Podemos imaginar cuál sería el panorama energético del país si con este proyecto se lograra aprovechar la energía solar en varios millones de hogares, escuelas, fábricas y otras instalaciones. Recordando que hace no mucho tiempo el gobierno federal se propuso entregar 7 millones de televisores de alta definición a otro tanto de hogares mexicanos ¿cómo podríamos pensar que no pudiera realizar algo similar en algo que se va a ver reflejado en la economía nacional?2

* La segunda propuesta se centra también en el aprovechamiento de la energía solar.

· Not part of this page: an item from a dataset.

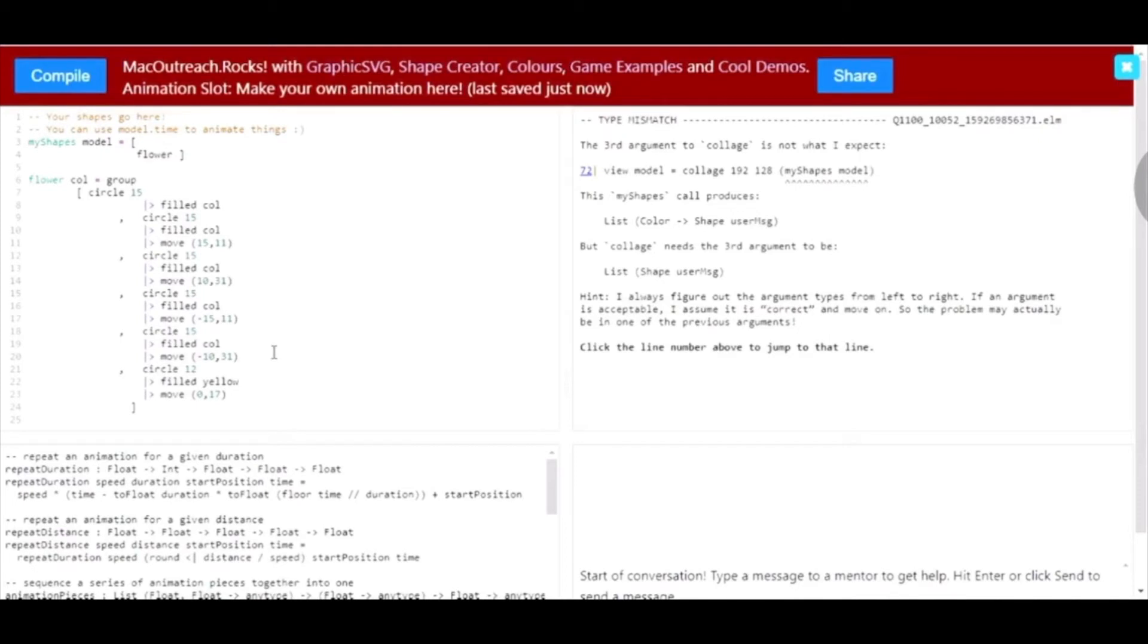This is because we told the computer that the flower is filled col, but the computer doesn't know what col is. Now, we get to choose what col is.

En este caso, se trata de los calentadores solares para el agua destinada a bañarse. La tecnología de los tanques de almacenamiento y de los tubos receptores de energía, es más sencilla o menos cara que la de los paneles solares.

Pensando de la misma manera, en la que el gobierno o una institución como PEMEX, la Secretaría de Energía, u otra creada ex profeso, ofrecerían casa por casa esta alternativa para captar el calor del sol, con un importante ahorro por el consumo de gas. Se calcula que el consumo de dicho energético podría disminuir hasta un 80% en cada caso.

Los estudios técnicos, instalación y pago por tales servicios, deberían estar subsidiados por el gobierno federal, considerando también que con la obtención de los materiales por millones, el precio se reduce considerablemente; así como el ahorro por las importaciones de gas natural que actualmente se realizan.

Finalmente, me permito expresar que en nuestro país debemos de pensar que, a grandes males, debemos enfrentar grandes remedios. Llegó la hora de aprovechar al máximo nuestros recursos naturales de todo tipo: Racionalización en el uso del agua; aprovechamiento del agua de lluvia; sustitución del consumo de hidrocarburos, por energéticos derivados del agua, del viento y del sol. Estamos a tiempo.
1 De acuerdo con datos de la Asociación Mexicana de Energía Eólica, para 2014 ya se contaba con 31 parques eólicos y se calcula que para el periodo 2020-2022 la energía producida por esos medios se multiplicará por cuatro. A lo anterior habría que agregar que en 2015 continuó la construcción e inauguración de otros parques eólicos.

2 Dicha medida parece más bien con intenciones políticas o populistas, pues no es cierto que la gente ya no iba a poder ver la televisión por el llamado “apagón analógico”, pues con un aparato decodificador cuyo costo es por lo menos 5 veces menor hubiera sido suficiente.